Freezing conditions continue in the north-east of England, and after spending a day indoors yesterday I had to get out. The car is well and truly snowed in, so I set off on foot.
I can be at the Horton Burn is a couple of minutes from the house, so I elected to walk the western stretch on wards to West Hartford then east along the A192 back to the old Cramlington Fire Station and back home along the eastern leg of the Horton Burn.
My first steps along the Horton Burn lifted the first of several snipe - calling as they zig-zagged away over the houses. The only other birds of note on the western leg were a single grey wagtail and drake mallard.
West Hartford looks rather bleak with all the snow - there was no early owl activity, but a kestrel and buzzard featured. A few snipe were lifting occasionally off the marsh and a woodcock was flushed by a dog walker who had ventured across to the plantation adjacent the farm.
Three cormorant flew west up the River Blyth (it's always useful to keep an eye over the river) and an adult greater black backed gull flew east (don't get too man at West Hartford, typically winter only). There was lots of thrush activity, with blackbird, redwing and song thrush abundant, and only a few fieldfare.

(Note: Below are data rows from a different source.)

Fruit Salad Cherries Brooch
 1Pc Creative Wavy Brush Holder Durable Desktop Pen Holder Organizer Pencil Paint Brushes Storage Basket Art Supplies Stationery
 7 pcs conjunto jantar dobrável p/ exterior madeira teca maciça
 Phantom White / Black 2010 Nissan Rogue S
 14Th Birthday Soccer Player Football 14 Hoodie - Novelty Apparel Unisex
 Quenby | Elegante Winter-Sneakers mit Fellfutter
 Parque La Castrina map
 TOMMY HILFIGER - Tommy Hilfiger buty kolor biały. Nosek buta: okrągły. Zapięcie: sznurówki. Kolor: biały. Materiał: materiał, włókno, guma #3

My venture east along the very snowy A192 continued to provide thrush sightings, along a splash of colour with a single jay and three waxwing raiding a hawthorn on the roadside. Over 200 common gull flew north and a few chaffinch were noted towards Bog Houses along with a very dapper male bullfinch (sadly a nominate bird...). 1 Grey Heron flew over and a sparrowhawk was hassled by the starlings.
Back at the Horton Burns' eastern leg the bird activity was more active - plenty of house sparrow in the hawthorns along with chaffinch, great, blue and coal tit, while the burn held a further 7 snipe, a staggering 3 kingfisher (highest count), 3 grey wagtail (making 4 for the burn today), a pair of mallard and a moorhen. Not bad for a grubby stream flowing through a housing estate!